Why children need to develop self-regulation skills

Dr Healy says that self-regulation is a key early developmental skill that predicts a wide array of life outcomes.

“Self-regulation is essential for school readiness and success as you need to be able to sit still, not blurt out answers, persist with tasks, manage frustrations, and give and take in social relationships.

“We also know that early self-regulatory skills are predictive of adult outcomes. The Dunedin longitudinal study has shown that poor self-regulatory skills at age three predict a wide array of adverse adult outcomes including higher rates of incarceration, poorer physical health, higher unemployment rates, and mental health difficulties.

“Therefore if we can find ways to improve self-regulation in pre-schoolers we can alter the life course trajectory for many individuals,” she says.

Structured play for 30 minutes a day

The intervention, known as Enhancing Neurobehavioural Gains with the Aid of Games and Exercise (ENGAGE), involved parents playing a range of simple games with their children in a structured way, for 30 minutes a day. Games can include puzzles, musical statues, hopscotch, blocks and skipping.

Dr Healy says that the results indicate that, when parents spend regular one-on-one time playing with their young children, it has the same positive effect on children’s behaviour as using behaviour management techniques which have a long history of being effective in managing child behaviour.

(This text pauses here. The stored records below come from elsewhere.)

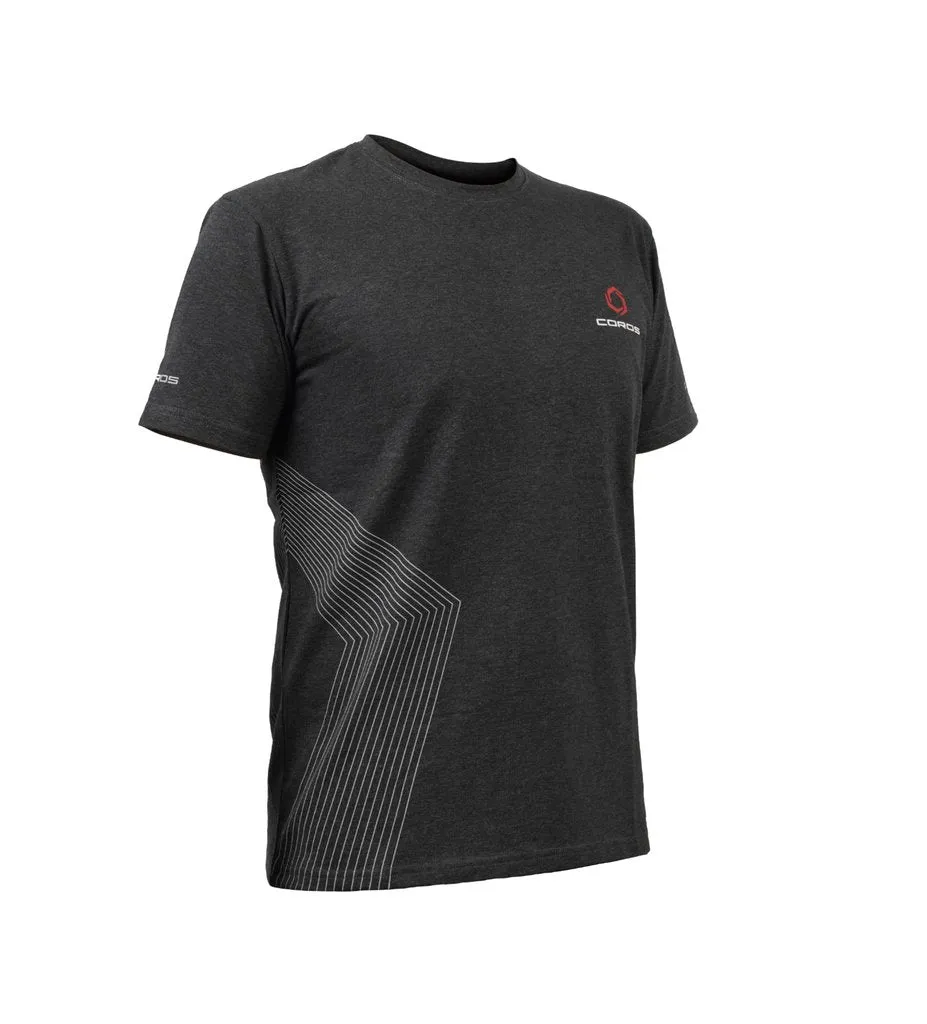 COROS Technical Shirt Short Sleeve - Men's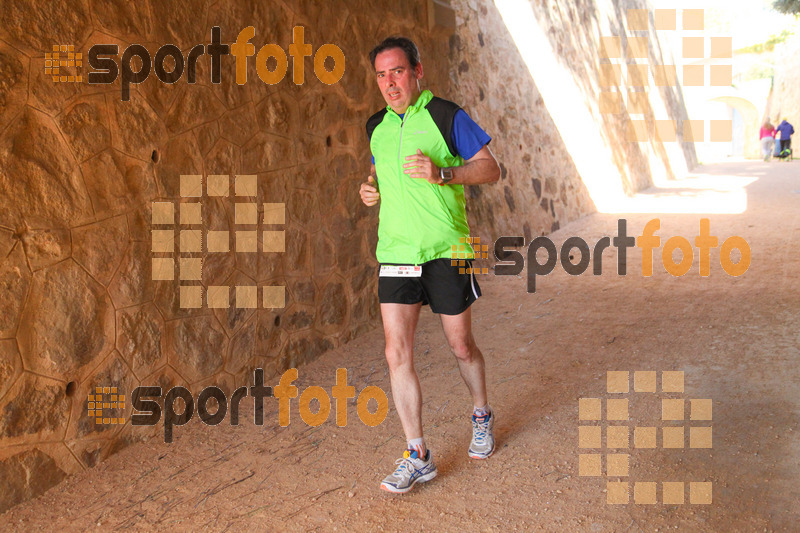 esportFOTO - 3a Marató Vies Verdes Girona Ruta del Carrilet 2015 [1424691001_23129.jpg]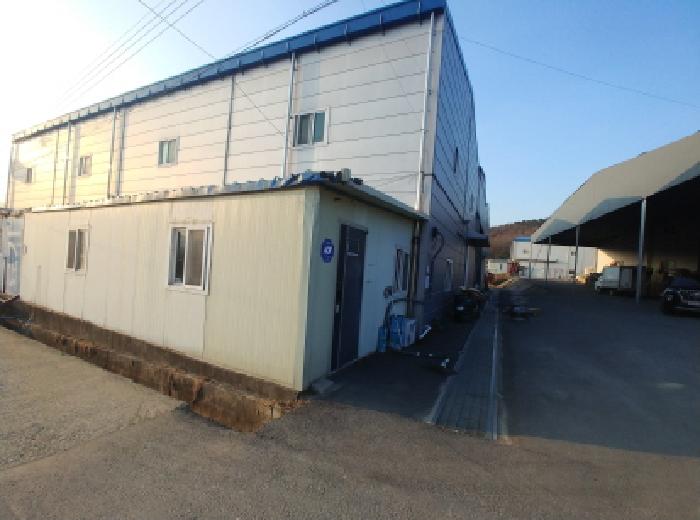 충남 금산군 금성면 하류리 209 외 1필지 근린생활시설 경매 사진 32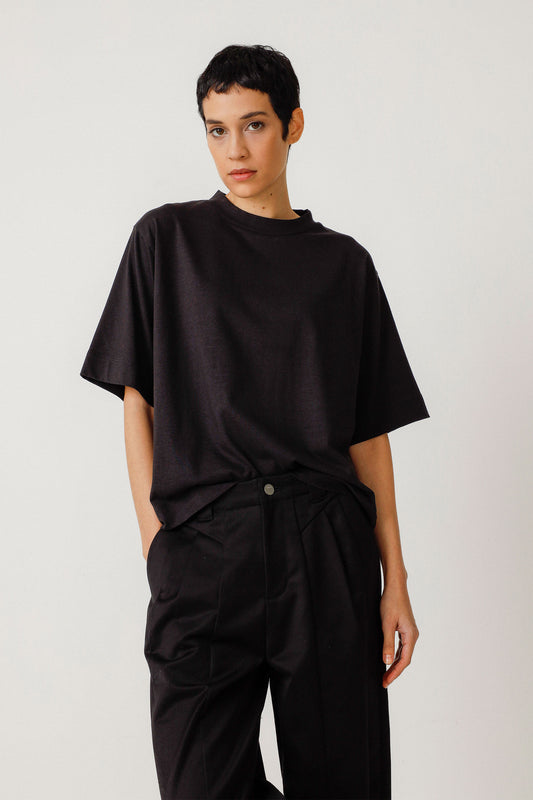 T-SHIRT JORA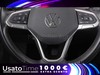Volkswagen T-Roc cabriolet 1.5 tsi act style dsg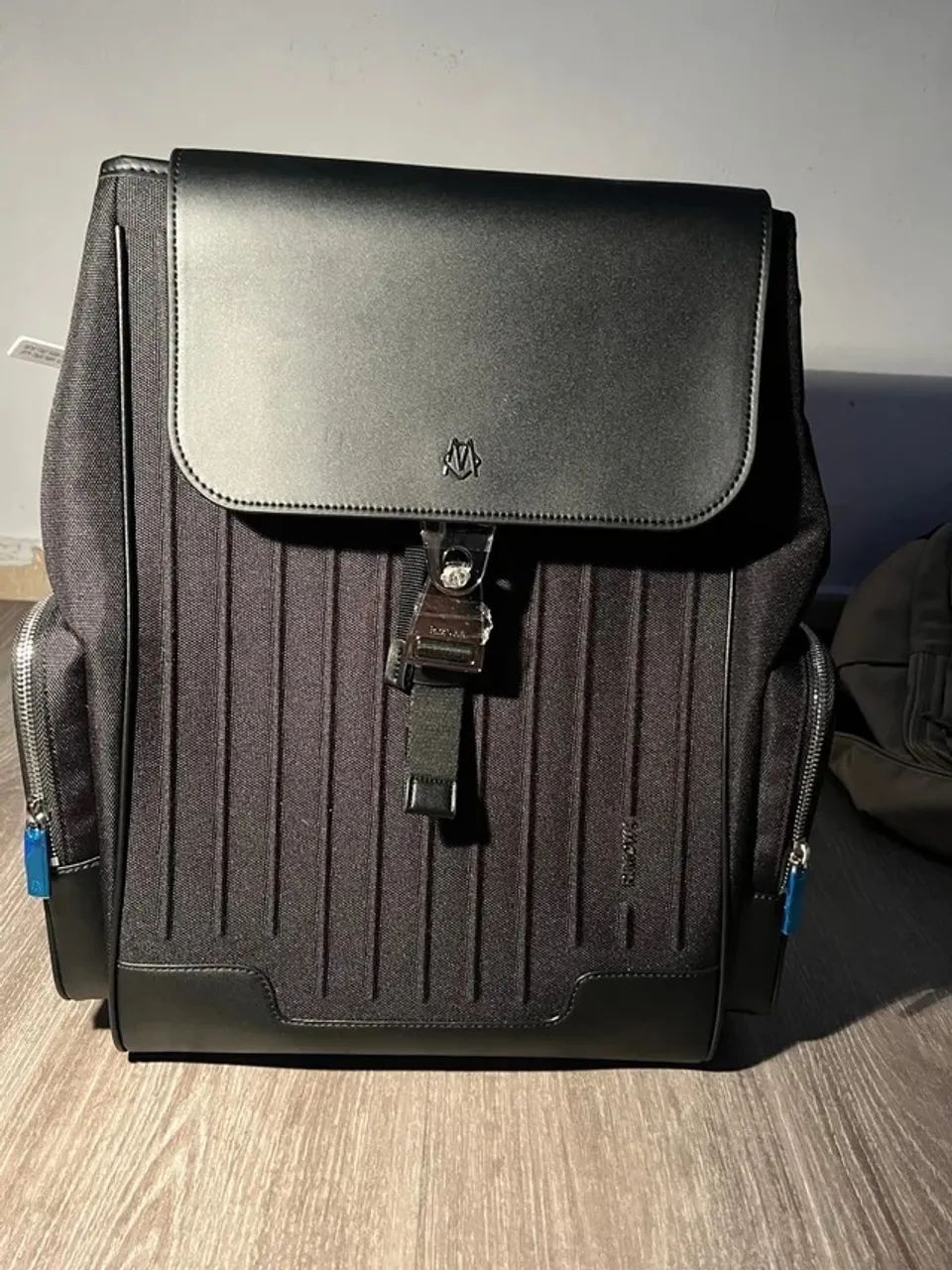 Mochila Rimowa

Affordable fun for the whole family

“With ENGAGE, we now have an additional treatment option for young, at-risk children that is enjoyable, low cost, easily accessible and associated with long-term maintenance of treatment gains. It’s good to have a choice of equally effective options as what works well for one family may not work as well for another,” Dr Healey says.

An example of the programme in action is a game called ‘Animal Speeds’. Children would dance or move around the room – at various speeds based on what animal name was called out. Cheetah mode was fast, giraffe mode was moderate speed, and tortoise mode was really slow.

“Then when they are out and about as a family, parents were able to just say ‘tortoise mode’ when they wanted their child to slow down. They found that this worked really well and helped manage their child’s behaviour very effectively whereas in the past they were constantly telling their child to slow down with no success.”